-- Task inputs follows --

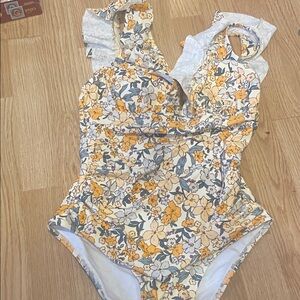 Cupshe Floral One Piece Swimsuit - cream and orange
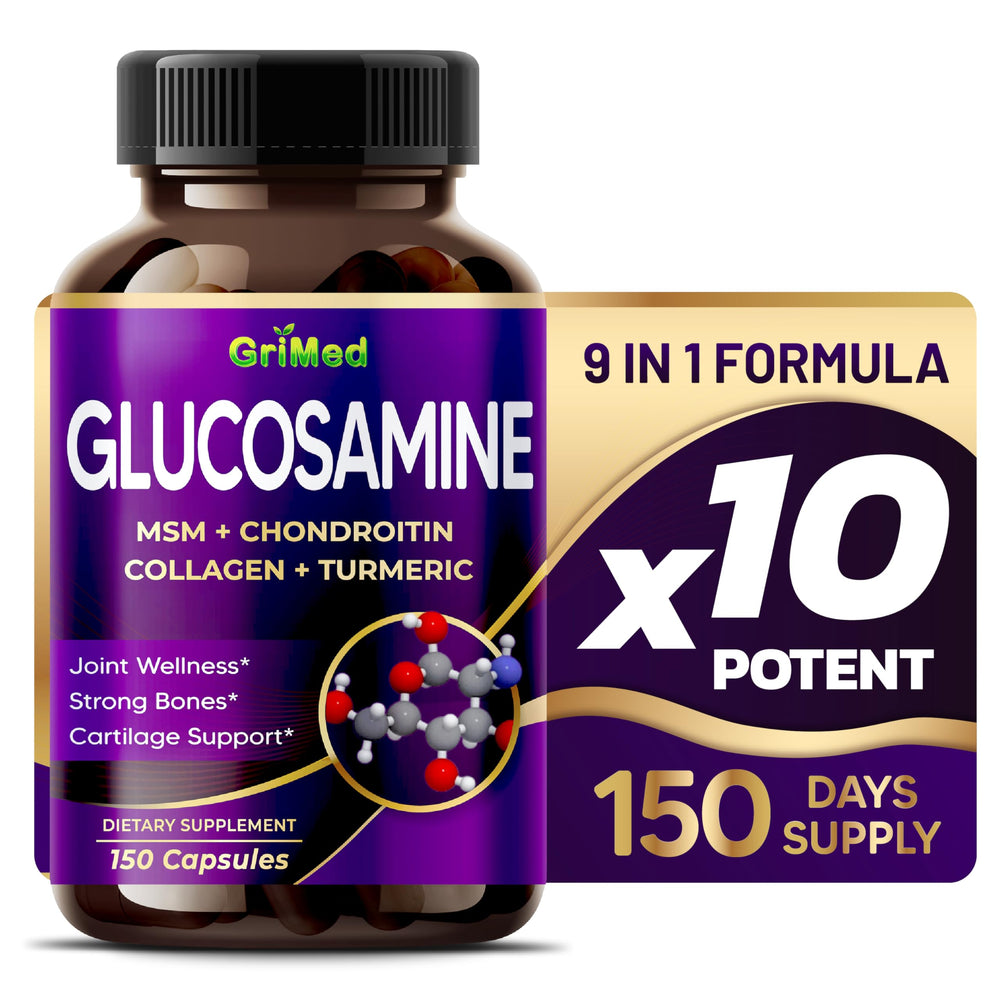 GriMed Glucosamine 12,000mg bottle highlights joint support and value for daily use.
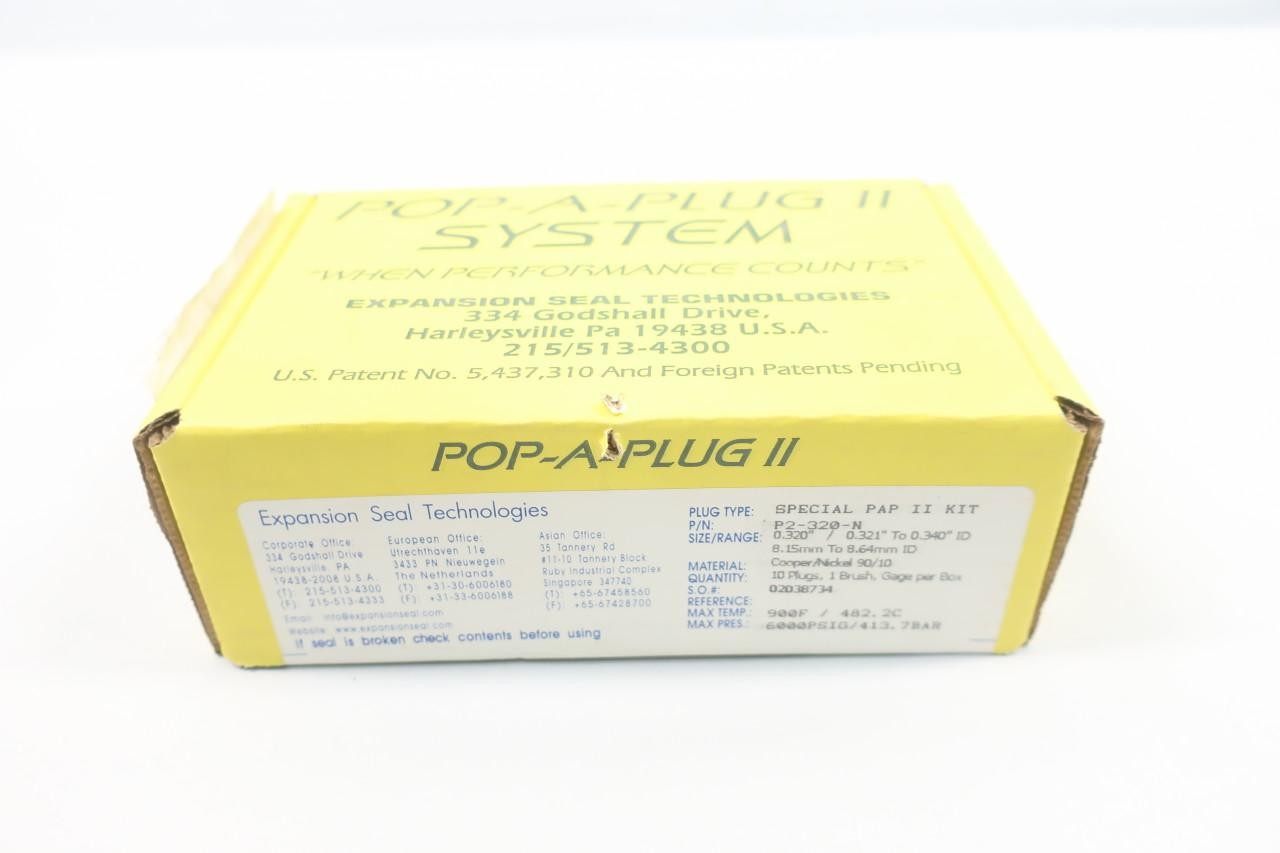 Box Of 10 Curtiss-wright P2-320-N Pop-a-plug Ii Heat Exchanger Tube Plug 0.320in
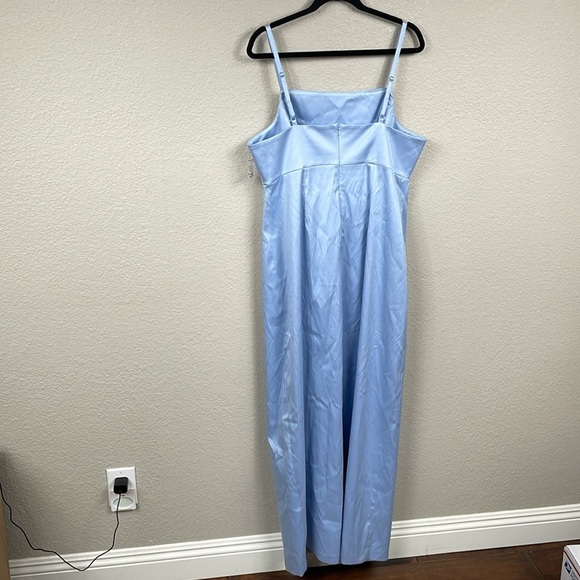 New Sachin & Babi Pryce Crystal Strap Detail Vertical Stretch Mikado Column Gown - Picture 7 of 16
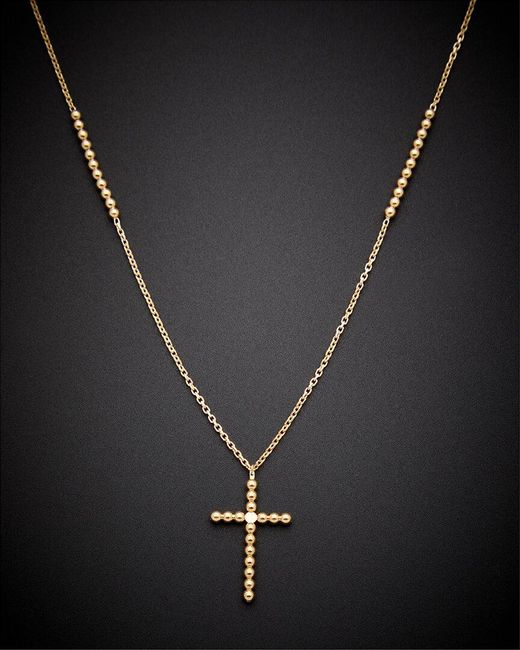 Italian Gold Black 14k Beaded Cross Pendant Necklace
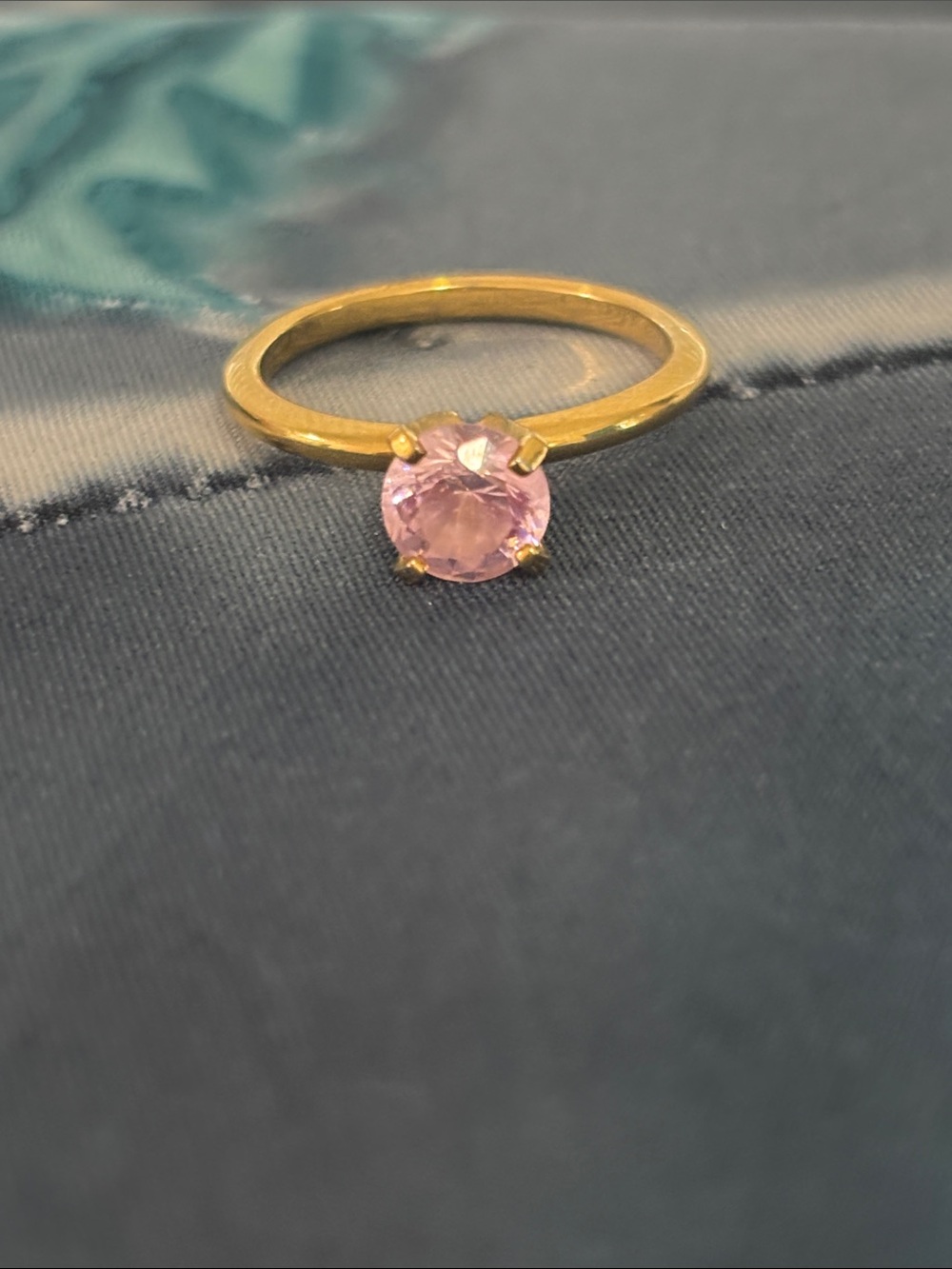 Pink sapphire solitaire ring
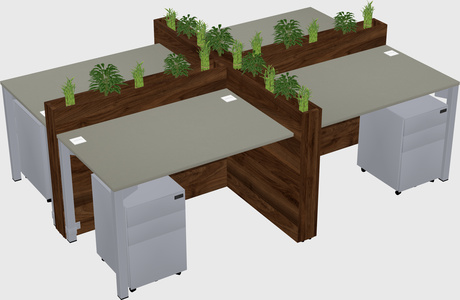 Rectangular shared desk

-- Task inputs concluded --

### Work instructions:
Take the records from their first line through the line containing "New Sachin &" and please return exactly those lines, both ends included, minus the pictures.

### Output of the task:
 Cupshe Floral One Piece Swimsuit - cream and orange
 GriMed Glucosamine 12,000mg bottle highlights joint support and value for daily use.
 Box Of 10 Curtiss-wright P2-320-N Pop-a-plug Ii Heat Exchanger Tube Plug 0.320in
 New Sachin & Babi Pryce Crystal Strap Detail Vertical Stretch Mikado Column Gown - Picture 7 of 16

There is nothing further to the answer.